问题
The following codes iterates over each element of two array to compute pairwise euclidean distance.
def compute_distances_two_loops(X, Y):
num_test = X.shape[0]
num_train = Y.shape[0]
dists = np.zeros((num_test, num_train))
for i in range(num_test):
for j in range(num_train):
dists[i][j] = np.sqrt(np.sum((X[i] - Y[j])**2))
return dists
The following code serves the same purpose but with single loop.
def compute_distances_one_loop(X, Y):
num_test = X.shape[0]
num_train = Y.shape[0]
dists = np.zeros((num_test, num_train))
for i in range(num_test):
dists[i, :] = np.sqrt(np.sum((Y - X[i])**2, axis=1))
return dists
Below are time comparison for both.
two_loop_time = time_function(compute_distances_two_loops, X, Y)

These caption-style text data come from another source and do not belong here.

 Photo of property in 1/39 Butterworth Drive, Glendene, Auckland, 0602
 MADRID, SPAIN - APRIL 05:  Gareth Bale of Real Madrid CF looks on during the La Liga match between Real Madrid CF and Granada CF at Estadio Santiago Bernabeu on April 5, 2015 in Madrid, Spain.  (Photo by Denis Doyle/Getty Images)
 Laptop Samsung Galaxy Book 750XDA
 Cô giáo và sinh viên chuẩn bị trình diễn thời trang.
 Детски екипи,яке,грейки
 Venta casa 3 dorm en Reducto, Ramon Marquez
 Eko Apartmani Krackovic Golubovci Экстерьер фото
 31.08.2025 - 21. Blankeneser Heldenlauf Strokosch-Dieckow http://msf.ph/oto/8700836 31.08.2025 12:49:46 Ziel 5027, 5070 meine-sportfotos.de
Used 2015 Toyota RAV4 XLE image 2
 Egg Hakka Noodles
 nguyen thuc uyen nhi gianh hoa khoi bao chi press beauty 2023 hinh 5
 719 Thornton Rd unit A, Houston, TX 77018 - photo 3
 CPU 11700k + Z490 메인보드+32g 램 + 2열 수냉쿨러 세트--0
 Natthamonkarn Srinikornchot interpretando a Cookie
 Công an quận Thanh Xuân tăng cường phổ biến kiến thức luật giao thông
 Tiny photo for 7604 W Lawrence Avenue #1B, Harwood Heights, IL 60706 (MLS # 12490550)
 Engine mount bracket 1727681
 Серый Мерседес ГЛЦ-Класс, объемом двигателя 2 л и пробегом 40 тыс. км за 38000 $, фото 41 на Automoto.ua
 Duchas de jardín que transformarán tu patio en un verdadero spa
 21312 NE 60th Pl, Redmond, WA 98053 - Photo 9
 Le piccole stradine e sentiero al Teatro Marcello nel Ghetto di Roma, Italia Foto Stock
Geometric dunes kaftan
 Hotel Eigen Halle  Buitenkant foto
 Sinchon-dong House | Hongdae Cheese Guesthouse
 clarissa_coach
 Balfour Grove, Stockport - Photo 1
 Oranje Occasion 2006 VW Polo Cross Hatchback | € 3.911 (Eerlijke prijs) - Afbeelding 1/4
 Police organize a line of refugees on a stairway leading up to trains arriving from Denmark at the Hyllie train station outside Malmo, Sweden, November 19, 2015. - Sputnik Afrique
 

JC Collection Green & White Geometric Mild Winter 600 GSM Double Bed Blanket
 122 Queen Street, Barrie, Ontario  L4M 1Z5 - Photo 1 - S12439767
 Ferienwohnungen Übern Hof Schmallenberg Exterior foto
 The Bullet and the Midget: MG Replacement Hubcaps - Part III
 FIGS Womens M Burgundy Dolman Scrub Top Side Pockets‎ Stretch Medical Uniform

print ('Two loop version took %f seconds' % two_loop_time)
>> Two loop version took 20.3 seconds
one_loop_time = time_function(compute_distances_one_loop, X, Y)
print ('One loop version took %f seconds' % one_loop_time)
>> One loop version took 80.9 seconds
Both X and Y are numpy.ndarray with shape -
X: (500, 3000) Y: (5000, 3000)
Out of intuition the results are not correct, the single loop should run at least with same speed. What am I missing here ?
PS: The result is not from a single run. I ran the code number of times, on different machines, the results are similar.
回答1:
The reason is size of arrays within the loop body. In the two loop variant works on two arrays of 3000 elements. This easily fits into at least the level 2 cache of a cpu which is much faster than the main memory but it is also large enough that computing the distance is much slower than the python loop iteration overhead.
The second case the loop body works on 5000 * 3000 elements. This is so much that the data needs go to main memory in each computation step (first the Y-X[i] subtraction into a temporary array, squaring the temporary into another temporary and then read it back to sum it). The main memory is much slower than the cpu for the simple operations involved so it takes much longer despite removing a loop. You could speed it up a bit by using inplace operations writing into preallocated temporary array, but it will still be slower than the two loop variant for these array sizes.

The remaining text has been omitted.